Tymczasem Niemcy przystąpili do przesłuchań zgromadzonych w majątku obywateli Ornontowic. Po przesłuchaniu większość z nich wywieziono do Niemiec, skąd wielu nie wróciło już nigdy.

Internowani mężczyźni zostali w następnym dniu zmuszeni do rozebrania zbudowanego w centrum wsi, na skrzyżowaniu dróg, kopca ku czci powstańców śląskich, po czym prawie wszyscy bezpiecznie wrócili do domów. Zanim Niemcy ruszyli dalej w swój „Drang nach Osten” zdążyli jeszcze rozstrzelać kilku kolejarzy, prawdopodobnie w zemście za wywiezienie przez nich taboru kolejowego poza zasięg aktualnego frontu.

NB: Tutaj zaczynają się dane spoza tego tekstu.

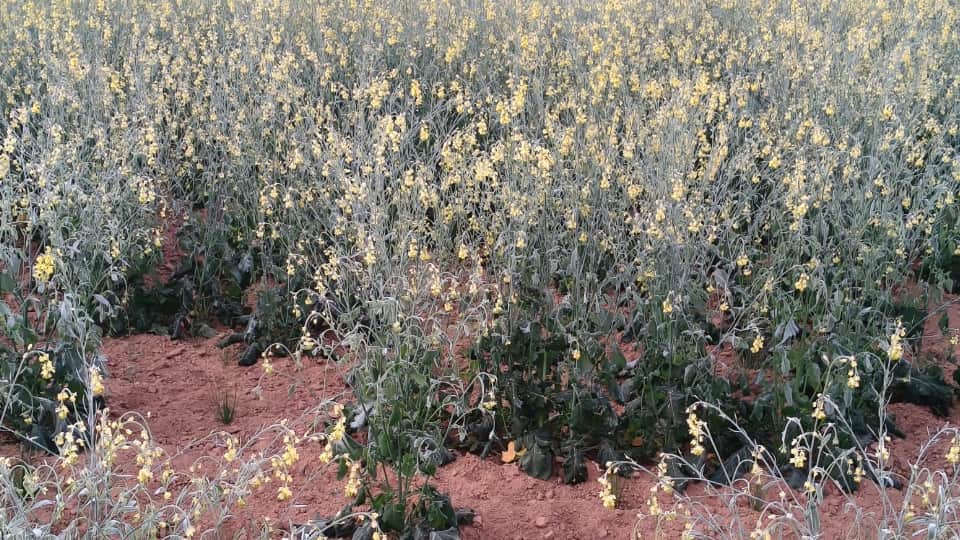 नारनाैल में जमा पाला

Pozostała zastraszona ludność, która nie tak dawno wystąpiła przeciw Niemcom i wybrała Polskę. Teraz przyszło jej żyć w krainie wcielonej do Rzeszy niemieckiej. Społeczność podzielono na kategorie obywateli oznaczone liczbami od 1 do 4, a właściwie od 2 do 4, bo jedynka była zarezerwowana dla rdzennych, wiernych Rzeszy Aryjczyków, pochodzenia niemieckiego, nie splamionych obcą krwią. Przywileje towarzyszące kategoriom były odwrotnie proporcjonalne do oznaczającej je liczby. Do czwartej kategorii zaliczono byłych powstańców i działaczy społecznych czy politycznych z okresu wolnej Polski. Tym obywatelom Rzeszy odebrano majątki, na których osadzono tak zwanych „treuhandlerów” i pozbawiono kartek, które gwarantowały przydział wszelkich dóbr z żywnością włącznie. Byli mimo to jej obywatelami, bo dawało to Niemcom prawo do wcielania do Wehrmachtu ich dzieci, skoro tylko osiągały stosowny wiek. Większość ludności zaliczono do kategorii trzeciej.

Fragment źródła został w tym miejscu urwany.